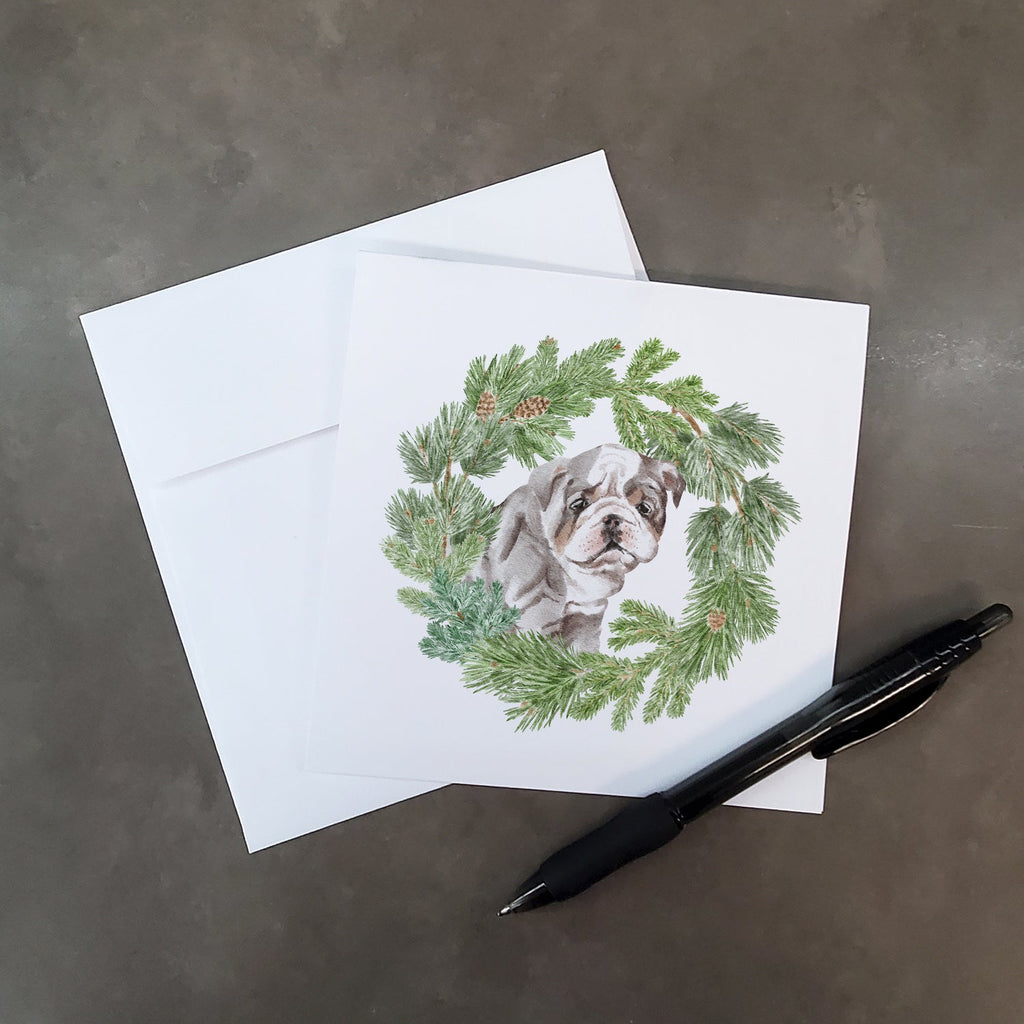 Bulldog Lilac Puppy Christmas Wreath Square Greeting Cards and Envelopes Pack of 8 Blank Cards with Envelopes Blank Thank You Note Greeting Cards Stationery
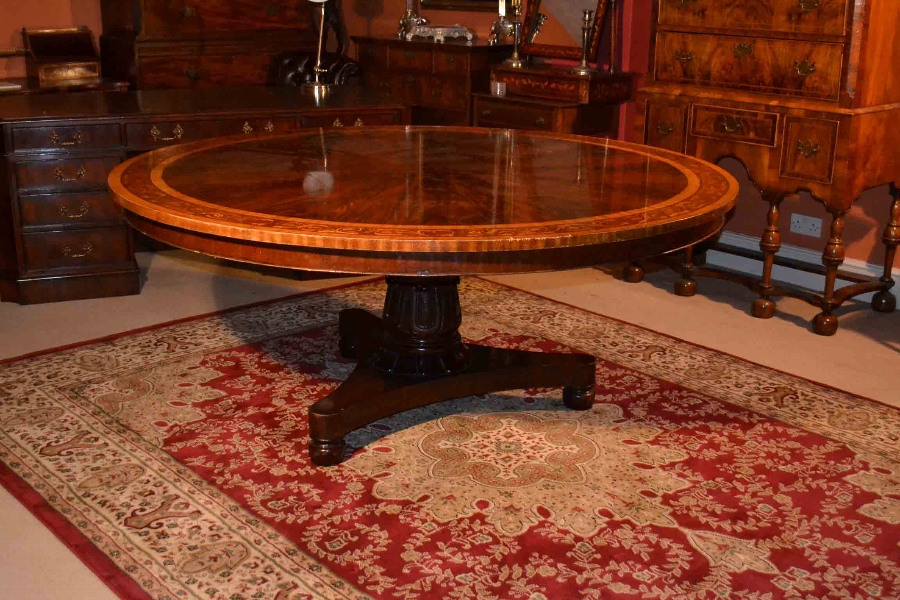 Vintage English Inlaid Dining Table 6ft Round Mahogany
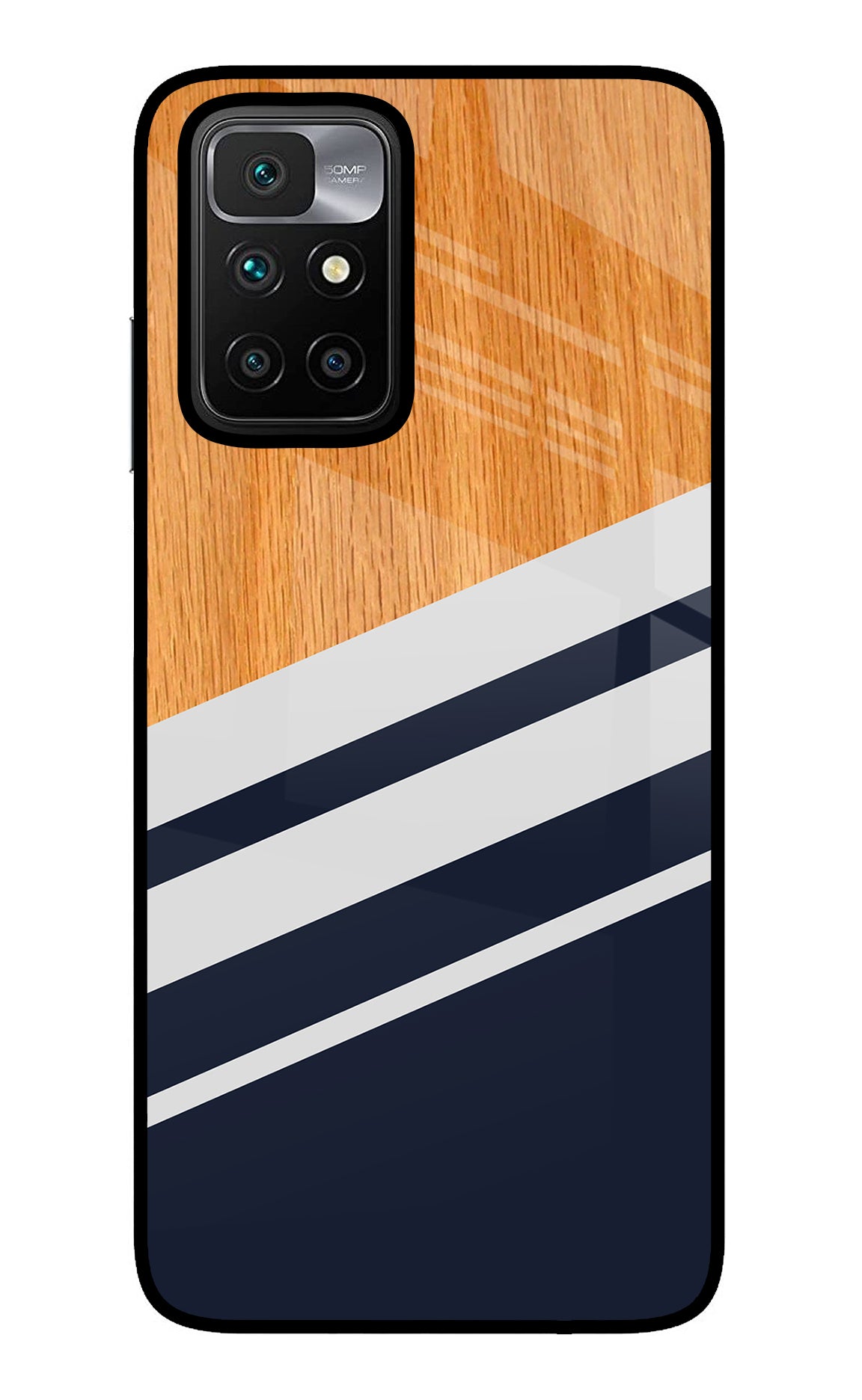 Blue and white wooden Redmi 10 Prime Back Cover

→ **TASK DESCRIPTION**: Leave the pictures out and restate the listing word for word.

→ **PROBLEM SOLUTION**:
 Bulldog Lilac Puppy Christmas Wreath Square Greeting Cards and Envelopes Pack of 8 Blank Cards with Envelopes Blank Thank You Note Greeting Cards Stationery
 Vintage English Inlaid Dining Table 6ft Round Mahogany
 Blue and white wooden Redmi 10 Prime Back Cover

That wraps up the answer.